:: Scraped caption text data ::
☆ ☆ ☆ ☆ ☆

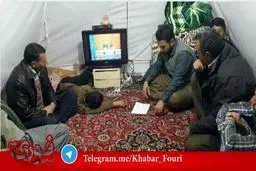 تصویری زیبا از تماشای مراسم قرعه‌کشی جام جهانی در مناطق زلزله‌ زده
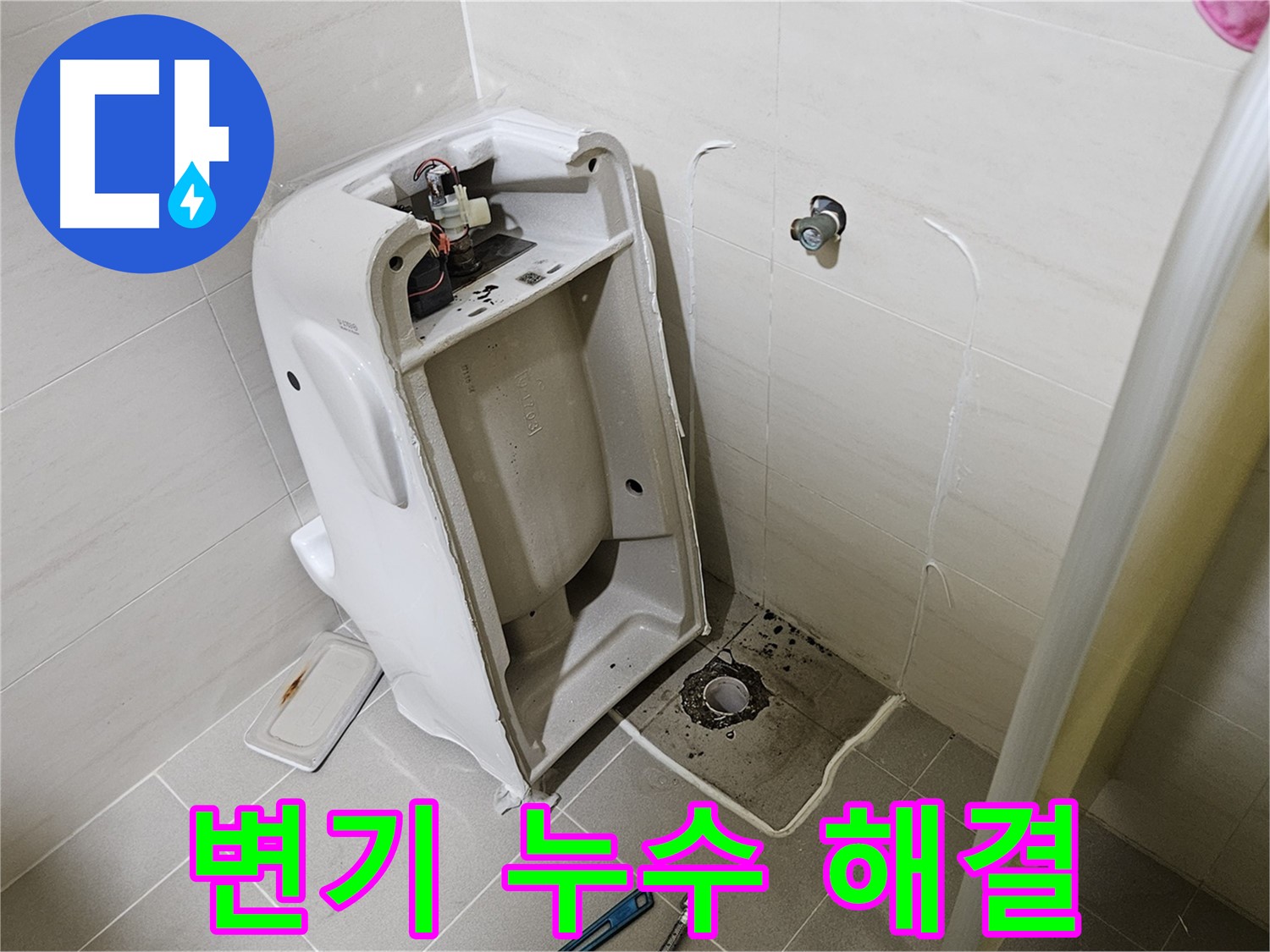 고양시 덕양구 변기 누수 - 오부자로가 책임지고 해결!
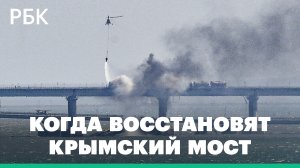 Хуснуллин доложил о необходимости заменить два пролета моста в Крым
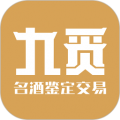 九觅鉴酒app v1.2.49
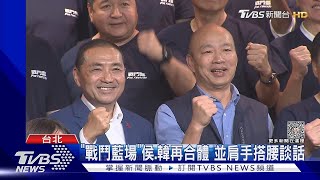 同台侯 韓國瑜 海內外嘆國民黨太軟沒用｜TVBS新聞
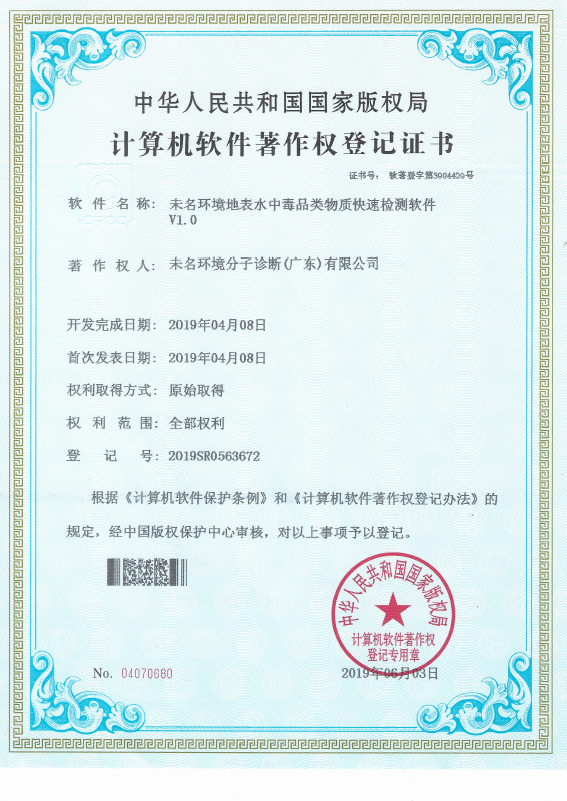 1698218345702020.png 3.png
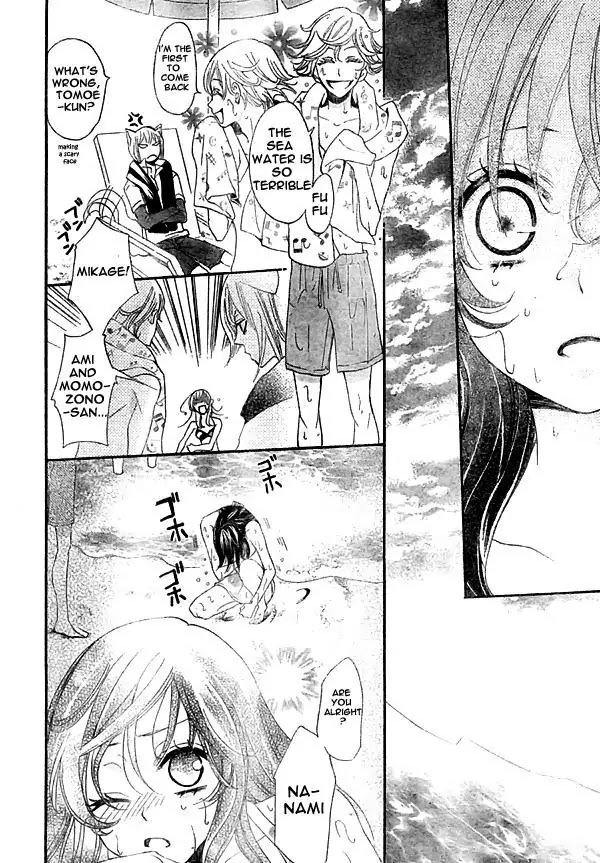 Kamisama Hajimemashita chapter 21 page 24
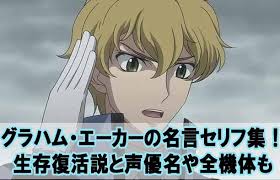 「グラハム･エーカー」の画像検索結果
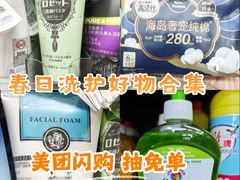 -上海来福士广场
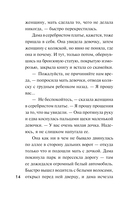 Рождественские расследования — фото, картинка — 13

☆ ☆ ☆ ☆ ☆

:: REQUIRED WORK ::
Return every entry exactly, dropping the pictures.

:: RESPONSE FOR THIS EXERCISE ::
 تصویری زیبا از تماشای مراسم قرعه‌کشی جام جهانی در مناطق زلزله‌ زده
 고양시 덕양구 변기 누수 - 오부자로가 책임지고 해결!
 Хуснуллин доложил о необходимости заменить два пролета моста в Крым
 九觅鉴酒app v1.2.49
 同台侯 韓國瑜 海內外嘆國民黨太軟沒用｜TVBS新聞
 1698218345702020.png 3.png
 Kamisama Hajimemashita chapter 21 page 24
 「グラハム･エーカー」の画像検索結果
 -上海来福士广场
 Рождественские расследования — фото, картинка — 13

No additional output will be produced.